Growing Up Fast: How New Agile Practices Can Move Marketing and Innovation Past the Old Business Stalemates by Jascha Kaykas-Wolff and Kevin Fann brilliantly spans that chasm.
It’s a book that explains to executives how to broadly incorporate agile principles into the management and culture of their organizations — in a way that doesn’t require them to throw out their existing hierarchies, yet while loosening them enough to ignite the fires of innovation.
Jascha and Kevin describe four eras of business management:
- The Efficiency Era (quasi-engineering efficiency in the wake of late 19th-century monopolies and robber-baron largesse)
- The Social Era (post World War II prosperity and hope)
- The Shareholder Value Era (1980’s onward)
- The Agile Era (emerging today)
The Agile Era has its roots back in The Shareholder Value Era, with lean manufacturing techniques such as kanban and just-in-time supply chain management. But software developers at the end of the 20th century were the ones who really flushed out modern agile processes, by breaking big analytical matters into small steps with an emphasis on:
- Short review cycles
- Many iterations to improve an change
- Willingness to try something new with the understanding that nothing is final (or doesn’t have to be)

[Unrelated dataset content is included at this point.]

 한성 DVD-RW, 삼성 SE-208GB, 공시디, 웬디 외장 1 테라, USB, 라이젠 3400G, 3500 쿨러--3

- Optimism to go with the best idea at the time
- Discipline to do the next right thing and not look back at mistakes as wastes of time
Jascha and Kevin connect this into the broader themes of managing innovation across organizations today, by connecting agile to the notion of complementary opposites. Rather than either/or management approaches — e.g., you’re either running a top-down hierarchy or a bottom-up emergent network — they encourage readers to think about having both. The trick is to apply each in different, albeit connected, contexts.
As an example of eschewing either/or choices, they relate the story of Clay Christensen’s milkshake marketing case. A fast-food chain looking to increase sales of their milkshakes debated whether they should be formulated thicker or thinner. The answer came by observing the “jobs” that consumers were “hiring” these milkshakes to do. One job, in the morning, was to make a long commute more tolerable (for which a thicker milkshake, which lasted longer, was better). Another job, in the afternoon, was the nice guy dad, who would agree to buy the kids a milkshake — but would prefer a thinner milkshake that would be finished faster. The optimal answer is to do both: thicker milkshakes in the morning, thinner ones in the afternoon. Sales increased significantly.
Jascha and Kevin return to the theme of complementary opposites several times. Structural minds vs. exploratory minds. Marginal thinking vs. full-value thinking. A slightly odd, yet oddly compelling, metaphor of “mom and dad fighting again” — dad with his bottom-line schemes, mom with her rules and forecasting. (You may be tempted to recommend that the authors seek therapy for that last one, but, in fact, the book is therapy for increasingly dysfunctional legacy management thinking.)
This culminates with their recommendation of a “dual operating system” approach to establishing agile networks within existing hierarchical structures. They suggest that this agile network should be made up of a volunteer army — made up of workers who continue work within the hierarchy too.
On that last point, I’ll share this excerpt from their book:
The agile network has a guiding coalition at the center and initiatives and sub-initiatives that orbit around it, coming together and disbanding as needed. The agile network cannot be viewed as a “rogue operation,” or the hierarchy will inevitably crush it.
Establishing a dual-operating system attunes businesses for better vision, opportunity, response, inquiry, curiosity, inspired action and celebration.
It DOES NOT double the project management, budget reviews, reporting, chains of command, compensation or accountability. It DOES create two systems within one organization that complement, rather than duplicate, each other.
Ideally, workers who thrive in the agile network can bring that newfound energy to the hierarchy, too.
The new agile network may at first feel like one big, soft, squishy, employee-engagement exercise. That’s fine! It evolves. It’s not a sudden or dramatic change. Like team-building exercises, it takes a certain level of comfort and trust developed over time.
Keep going. Keep the steps small. Communicate the victories from the start. Get your feet underneath you while you sell the agile network to the existing hierarchy. If you do all this, the business value will emerge before the hierarchy can dismiss it as silly, different, a waste of time, whatever.
Besides, today’s “waste of time” can quickly uncover tomorrow’s great idea.
Growing Up Fast is fantastic read for grasping the gestalt of agile management, and I highly recommend it.
The photo at the top of this post is from Jascha’s presentation on agile marketing at the inaugural MarTech last month.